The first time I that I can recall hearing of the Ayotzinapa school was in January 2008, when Blanche Petrich, another La Jornada journalist, came to Toronto to support work by Canadian churches in defense of refugees from Mexico. She told us:

“To describe the panorama of repression in Guerrero, it’s enough to follow the route of the popular movement. ‘Wherever there is organization, protest, defense of human rights, mobilization of roadblocks, there is repression, irregular apprehensions and arrest warrants,’ we’re told by the [Tlachinollan] human rights organization in the La Montaña area, led by Abel Barrera. That is, the campesinos who oppose the taking of their lands for a dam in La Perota, close to Acapulco, the ecologists who resist cutting of trees in the Petatlán sierra, the laid-off workers of a government office in the state capital of Chipalcingo, the community leaders of Xochistlaguaca, the students at the normal school in Ayotzinapa: they all suffer persecution.”

And what’s new?

Through an access to information request, journalists obtained new information about the cover-up that was orchestrated after the abductions by high ranking authorities in the government during meetings presided over by then-President Enrique Peña Nieto and attended by then-Attorney General Jesús Murillo Karam and other officials. Their “historic truth” version—since proven false—contended that local police turned the students over to a drug gang which murdered them, burned the bodies at a garbage dump, and put the remains into a river.

AP photo and story (left) about revelations by a former senior official; a tweet by the Fábrica de Periodismo about the cover-up led by high officials of the previous Mexican government.
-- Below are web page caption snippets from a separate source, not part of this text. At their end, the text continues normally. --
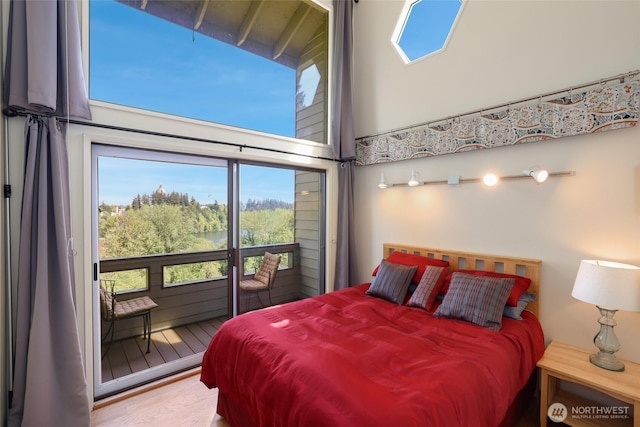 bedroom featuring multiple windows and a towering ceiling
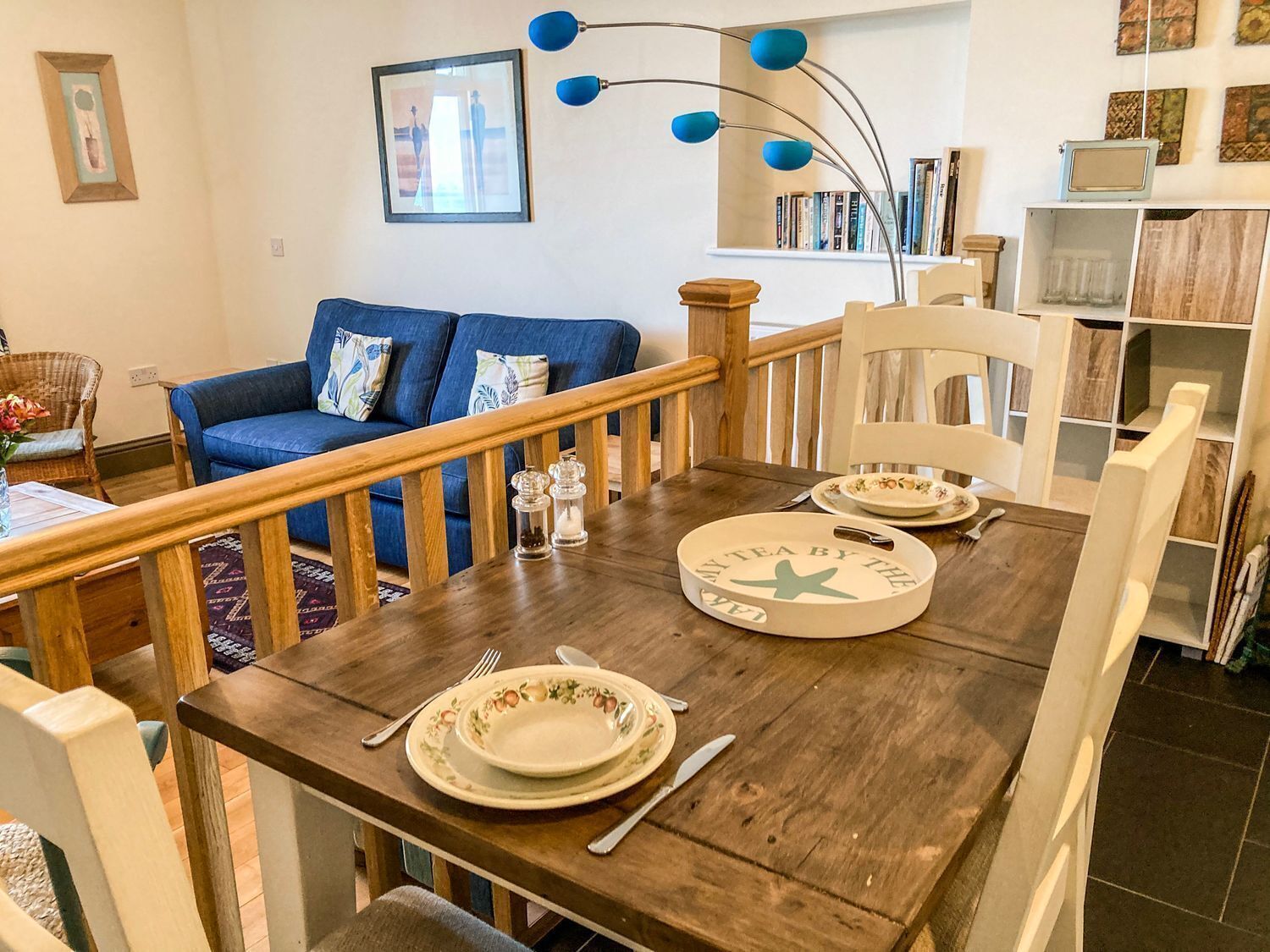 A dining area with a wooden table set for two, a blue sofa in the background, and a bookshelf with books and decorative items.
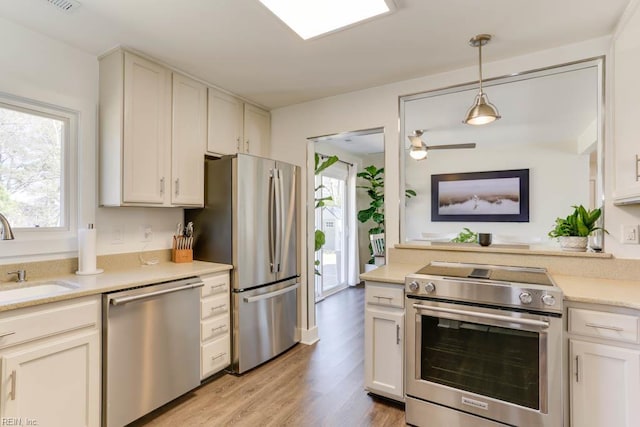 kitchen with light wood finished floors, stainless steel appliances, light countertops, a sink, and decorative light fixtures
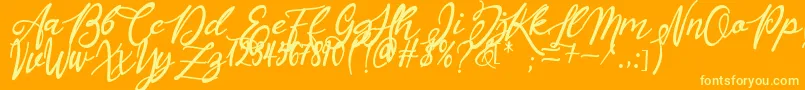 Masyieta Font – Yellow Fonts on Orange Background
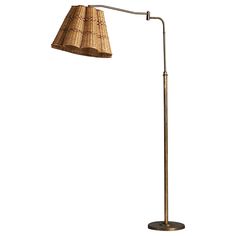 a floor lamp with a wicker shade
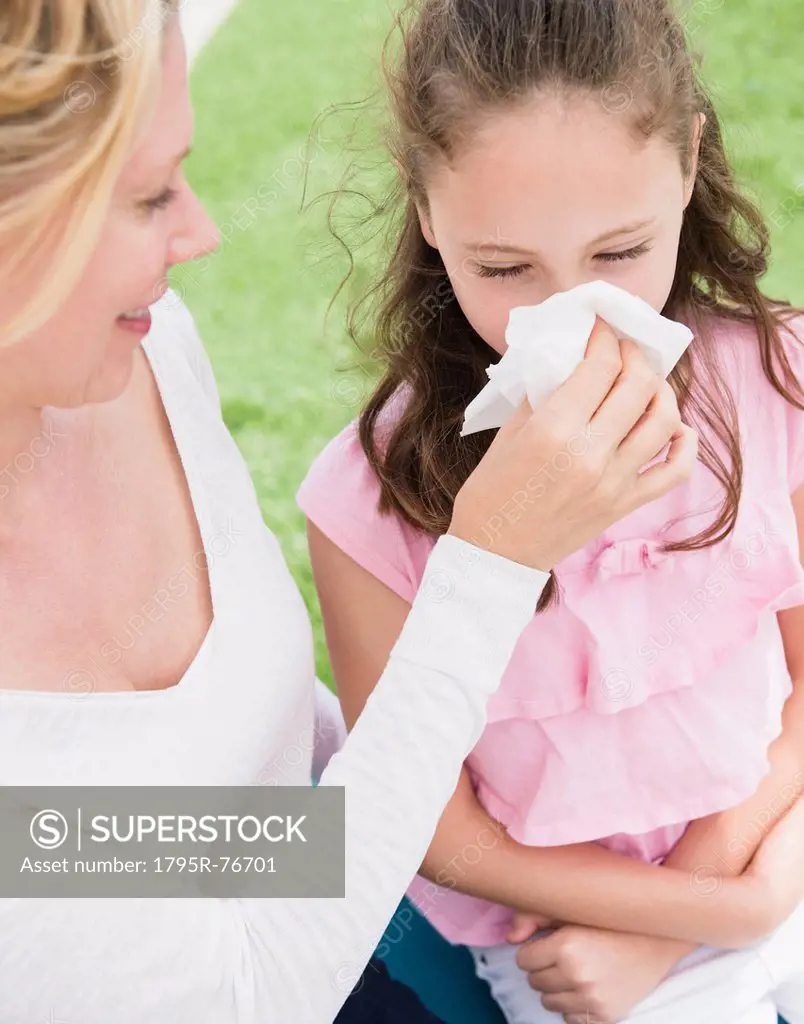 Mother helping daughter 8_9 years to blow her nose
Tomás Zerón, former head of investigations for Mexico’s Attorney General’s Office, is now a fugitive hiding in Israel, beyond the reach of the Mexican justice system. But in 2022, he answered questions posed in writing by Alejandro Encinas, then Mexico’s Interior Undersecretary for Human Rights.

Appointed by AMLO’s government, Encinas chaired the Commission for Truth and Access to Justice in the Ayotzinapa Case (COVAJ). The commission included family members and their advisors. Their report, published in August 2022, said federal, state and municipal politicians, along with the armed forces and local police, knew what had happened. 

But that report and a subsequent one in September 2023 have been undermined by the refusal of President López Obrador to accept its conclusions and his accusations against the human rights groups that accompany the families, including Tlachinollan and the Jesuit-backed Miguel Augustín Pro Human Rights Centre.

Left: La Jornada story Tuesday with headlines (adding my own details): federal prosecutors may call former president Ernesto Peña Nieto to testify about Ayotzinapa; AMLO: “I don’t protect anybody.” Below the photo, the text says that AMLO has also called on Zerón “to clarify his position because he is accused of coordinating the torturers.” Right: story today about the last of the parents’ meetings with AMLO.

After a meeting Tuesday (Aug. 27) with the president, the parents said it was the last one they would hold with him before he leaves office Oct. 1. 

“We ended badly,” said their lawyer, Vidulfo Rosales of Tlachinollan. He added that while in the first three years of this government, they saw clear good will to get to the truth, in 2022, the situation changed. “This is when we touched the sensitive fibres of the Mexican Army; we could advance no further. There was a break, a crisis, including in the relationship, the dialogue.”

“This government, unfortunately, could not give us truth and justice,” he added.